A glimpse of Erica Eyres’ work was on show at the recent Volta art fair in Basel, but Haas & Fischer’s exhibition offered a more detailed look at two bodies of work by the Canadian artist: ballpoint pen portraits on paper and video works starring Eyres in every role.
Images created to drive consumption catalyse Eyres’ drawings, glossy food to be consumed with a fleeting glance or detailed examination. Each face has a familiar hint of potential gratification, be it a purchase or a seduction. Her compulsive use of throwaway materials mimics the painstaking honing and paring of magazine images to create a carefree aesthetic, a long established contradiction that shows no sign of abating. Just as any personality is a mutable identity under the gaze of camera and graphic software, Eyre’s figures elide recognition. Her references are oblique and difficult to pin down amidst smoky eyes and piled up hair. The two girls in their underwear in ‘Dorm Room’, for example, combine early Britney Spears ingénue, schoolgirl fantasies and the brittle honesty of L.A. Raven’s self portraits; any comfort has gone, replaced by an awkward lack of fulfilment. Another image, ‘Jackets’, shows a cluster of raincoated girls with matching bobs and rosy cheeks clinging together with the sincerity of a well-run ad campaign, though the gaiety of the pose upsets the balance of the group, and with steely smiles they teeter to one side. This Burberry world is peopled with nervous blonds with greyhound eyes and smart clothing, imprisoned by their determined embraces like other figures are martyred by sleek and heavy hairdos.

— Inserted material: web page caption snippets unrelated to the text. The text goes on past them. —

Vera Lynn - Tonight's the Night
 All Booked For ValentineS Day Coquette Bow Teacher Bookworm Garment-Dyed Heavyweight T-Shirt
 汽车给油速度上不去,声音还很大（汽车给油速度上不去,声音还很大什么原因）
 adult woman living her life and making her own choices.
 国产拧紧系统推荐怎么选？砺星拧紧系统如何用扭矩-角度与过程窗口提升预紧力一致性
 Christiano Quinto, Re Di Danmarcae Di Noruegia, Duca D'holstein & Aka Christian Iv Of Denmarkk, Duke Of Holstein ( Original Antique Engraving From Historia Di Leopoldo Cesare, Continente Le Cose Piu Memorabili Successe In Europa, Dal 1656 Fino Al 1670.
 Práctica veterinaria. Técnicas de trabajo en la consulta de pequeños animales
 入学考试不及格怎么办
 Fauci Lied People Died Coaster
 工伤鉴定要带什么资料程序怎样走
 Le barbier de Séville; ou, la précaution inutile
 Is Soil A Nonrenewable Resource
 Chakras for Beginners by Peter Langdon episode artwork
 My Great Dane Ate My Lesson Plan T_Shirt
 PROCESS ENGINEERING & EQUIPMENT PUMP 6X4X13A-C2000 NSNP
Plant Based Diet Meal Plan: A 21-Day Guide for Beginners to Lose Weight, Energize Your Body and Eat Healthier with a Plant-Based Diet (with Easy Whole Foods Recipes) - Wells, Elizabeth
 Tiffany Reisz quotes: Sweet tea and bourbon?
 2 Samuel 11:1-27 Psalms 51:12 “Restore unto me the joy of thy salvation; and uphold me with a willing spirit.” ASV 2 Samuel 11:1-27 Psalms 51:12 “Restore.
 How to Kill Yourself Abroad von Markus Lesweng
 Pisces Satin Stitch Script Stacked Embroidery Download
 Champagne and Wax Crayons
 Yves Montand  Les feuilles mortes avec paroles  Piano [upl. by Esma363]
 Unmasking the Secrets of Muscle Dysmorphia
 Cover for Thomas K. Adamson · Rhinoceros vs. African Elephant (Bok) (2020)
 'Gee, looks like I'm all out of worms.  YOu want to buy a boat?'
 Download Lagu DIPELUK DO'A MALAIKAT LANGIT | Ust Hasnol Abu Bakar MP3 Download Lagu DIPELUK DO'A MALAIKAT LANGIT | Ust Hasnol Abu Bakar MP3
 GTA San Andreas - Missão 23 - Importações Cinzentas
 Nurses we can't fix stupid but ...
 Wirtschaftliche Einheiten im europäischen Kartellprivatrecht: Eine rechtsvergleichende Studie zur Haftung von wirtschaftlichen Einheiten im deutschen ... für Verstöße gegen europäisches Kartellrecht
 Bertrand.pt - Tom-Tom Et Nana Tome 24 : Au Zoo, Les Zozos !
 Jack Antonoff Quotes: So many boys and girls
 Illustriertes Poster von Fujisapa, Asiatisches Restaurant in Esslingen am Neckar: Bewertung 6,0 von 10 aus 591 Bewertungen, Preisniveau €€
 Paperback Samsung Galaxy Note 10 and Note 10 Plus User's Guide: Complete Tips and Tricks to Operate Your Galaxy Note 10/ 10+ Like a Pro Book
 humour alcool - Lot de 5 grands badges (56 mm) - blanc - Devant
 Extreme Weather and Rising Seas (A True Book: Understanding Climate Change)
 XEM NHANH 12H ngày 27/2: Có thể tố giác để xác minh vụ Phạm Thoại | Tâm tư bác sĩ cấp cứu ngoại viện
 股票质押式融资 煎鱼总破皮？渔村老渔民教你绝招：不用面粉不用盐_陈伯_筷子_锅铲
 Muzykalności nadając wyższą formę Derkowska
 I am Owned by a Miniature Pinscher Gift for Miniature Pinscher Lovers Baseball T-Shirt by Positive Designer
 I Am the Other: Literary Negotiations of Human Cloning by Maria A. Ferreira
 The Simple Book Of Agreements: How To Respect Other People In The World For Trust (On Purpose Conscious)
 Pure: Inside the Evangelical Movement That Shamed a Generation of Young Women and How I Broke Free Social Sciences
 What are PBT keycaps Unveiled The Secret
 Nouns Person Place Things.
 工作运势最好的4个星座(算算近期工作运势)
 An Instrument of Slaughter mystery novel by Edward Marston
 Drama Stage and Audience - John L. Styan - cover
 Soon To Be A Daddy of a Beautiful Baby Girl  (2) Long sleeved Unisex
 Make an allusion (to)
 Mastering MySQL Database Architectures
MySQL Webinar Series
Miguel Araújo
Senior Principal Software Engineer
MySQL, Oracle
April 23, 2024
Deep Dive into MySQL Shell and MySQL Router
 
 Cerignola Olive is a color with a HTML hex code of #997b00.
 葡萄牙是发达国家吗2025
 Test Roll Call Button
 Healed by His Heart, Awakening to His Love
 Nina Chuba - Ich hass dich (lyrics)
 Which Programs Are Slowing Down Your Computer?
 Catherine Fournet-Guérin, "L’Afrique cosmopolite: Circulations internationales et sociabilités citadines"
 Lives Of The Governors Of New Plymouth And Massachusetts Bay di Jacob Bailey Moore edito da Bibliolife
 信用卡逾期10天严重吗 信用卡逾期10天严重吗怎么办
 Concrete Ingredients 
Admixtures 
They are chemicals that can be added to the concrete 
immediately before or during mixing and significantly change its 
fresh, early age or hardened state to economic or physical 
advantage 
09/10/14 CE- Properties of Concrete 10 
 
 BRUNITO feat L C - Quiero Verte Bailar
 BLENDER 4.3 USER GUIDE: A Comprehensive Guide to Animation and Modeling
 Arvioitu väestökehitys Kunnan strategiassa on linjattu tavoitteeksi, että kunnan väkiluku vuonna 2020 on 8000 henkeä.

While Eyres’ drawings engage with the fodder of glossy European magazines, her videos examine the constructs of low budget North American television. ‘Commercials’ is a reel of gleeful incitement to indulge in dodgy pleasures, from talk shows to foodstuffs, while Imaginary girlfriend is a vignette of an unhealthy mother son relationship. In the first of these, Eyres’ alter egos show television as the media par excellence for manufacturing identity, screen personalities being unsubtle layers of makeup, accessories, a condescending yet beguiling tone and a brazen stare at the camera. A wannabe dancer who feels she is ‘really really unique’ is a harsh antidote to the supremely smug Orange County inhabitants of Kutlug Ataman’s recent work ‘Paradise’ (though terrifyingly Ataman’s subjects never get that the joke is on them).
The subject of Erica Eyres’ works is not new, but she gets to the disconcerting core of advertising and popular images. These models share empty confidences, yet painfully remain seductive.